According to the article: ‘Talk to Chinese officials and state-backed scholars, as well as to pro-government politicians in Hong Kong, and they will insist that neutralising the opposition is a necessary step towards a greater goal:’
- ‘Repairing flaws that render Hong Kong’s political and economic systems structurally unsound through a wholesale remodelling of its institutions and society.’
Beijing, it says, has ‘real concern about Hong Kong’s income inequality, which is among the most extreme in the developed world, and the cruelly high costs of housing in the territory.’
- ‘Officials in Beijing deny all blame for an unhappy Hong Kong and are impatient with Westerners who cast Hong Kong’s discontent as a clash between a freedom-loving public and despotic rulers: Marx has taught them that all politics is rooted in economic forces.’
- ‘Their favoured scapegoats are foreign saboteurs and a small number of Hong Kong-Chinese oligarchs who have dominated the city’s property and retail sectors for generations.’
‘Western critics focus on the blow that the new election law lands on pro-democracy parties.’
- ‘Chinese observers are equally interested in its changes to the Election Committee, which will give Beijing-appointed members the power to dilute the influence of the property tycoons.’
‘Beyond that assault on Hong Kong’s old-school business bosses, a wider campaign is brewing to craft a new “capitalism with Hong Kong characteristics”.’
- ‘The ultimate target is the city’s whole laissez-faire, low-tax economic model, which some officials in Beijing grumble has been elevated to an almost religious creed by local oligarchs, foreign business leaders and civil servants.’
- So much for ‘guaranteeing that Hong Kong’s capitalist way of life would continue for at least 50 years after the Union Flag was lowered.’
Also, ‘National leaders do not hide their exasperation with the low calibre of many who enter Hong Kong politics today.’

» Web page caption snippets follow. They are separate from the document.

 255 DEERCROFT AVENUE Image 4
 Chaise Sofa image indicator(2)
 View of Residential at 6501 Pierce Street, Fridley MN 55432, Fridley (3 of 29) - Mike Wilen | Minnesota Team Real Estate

- ‘Maria Tam Wai-Chu, a senior member of the National People’s Congress from Hong Kong, points to the global technology giants which have transformed Shenzhen, the gleaming megapolis that lies just across the border from Hong Kong, and laments that: “We are so backwards here in Hong Kong.” '
- 'She would like to see technology experts or business executives appointed or elected to Legco, to help the city confront the 21st century.’
‘The old Hong Kong is gone.’
- ‘Judge Mr Xi’s China by what it builds in its place.’
Much the same could have been said for the Nazi reforms in Germany in the 1930s.
- For my part, it seems that Autobahns and Volkswagens were a bad trade for Germans’ freedom.
- And it seems that most Hong Kongers feel the same about Mr. Xi’s plans to remake their city, good intentions or not.